Configure Alerts

Overview

Note

As generating alerts is dependent on cluster monitoring, please configure monitoring before configuring alerts from Grafana.

Working alongside cluster monitoring, this feature proactively alerts you to the changing state of a cluster. Alerts allow you to proactively remediate any issues that could adversely affect both the cluster and the applications that depend on it.

Pre-configured alerts are included that can be configured by, and triggered for, individual cluster(s).

These pre-configured alerts, most of which can be customized, have the following components:

  • A trigger condition (or alert rules) refers to what’s being monitored.

  • Each alert has configurable parameters that, when taken together, constitute a threshold.

  • When an alert rule's threshold is reached, an alert is sent to the list of configured contact points.

Prerequisites

  • A SingleStore 7.3 or later Metrics cluster configured to monitor one or more Source clusters via Configure Monitoring.

  • A Grafana instance with the monitoring data source configured via Connect Data Visualization Tools.

  • Grafana version 9.5.6 or later. Note that this is a later version than the one required for monitoring. Grafana can be updated by installing this version or a later version and restarting the Grafana server.

Configure Contact Points

Contact points define the connections to the external services that deliver alerts, such as email, PagerDuty, Slack, and more. This section describes how to configure these three contact points. A number of other integrations are supported by Grafana. Refer to Configure contact points for additional information.

Email

Configure the SMTP Server (Optional)

Note

If you already have an SMTP server configured, you can skip this example.

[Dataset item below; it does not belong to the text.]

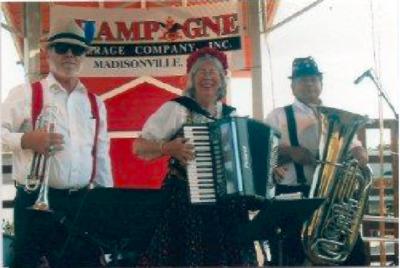 Julie Council | Slidell, LA | Accordion | Photo #2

While the Postfix SMTP server is used in this example, email alerts can be configured with any SMTP server.

Red Hat Distribution
  1. Install Postfix.

    sudo yum install postfix
  2. Start Postfix.

    systemctl start postfix
  3. Enable the Postfix service to ensure that it will restart when the host is rebooted.

    systemctl enable postfix
  4. After installation, run the postconf command to see the Postfix configuration. Confirm that the record 127.0.0.1 example.com entry exists in the /etc/hosts file.

Debian Distribution
  1. Install Postfix.

    sudo apt-get install postfix
  2. During installation, you will be prompted to select an SMTP server type. Select the “Internet Site” option, which allows emails to be sent outside the server.

  3. For testing purposes and/or a local-only configuration, use the suggested name (example.com) when prompted for a fully qualified domain name (FQDN), and click Ok.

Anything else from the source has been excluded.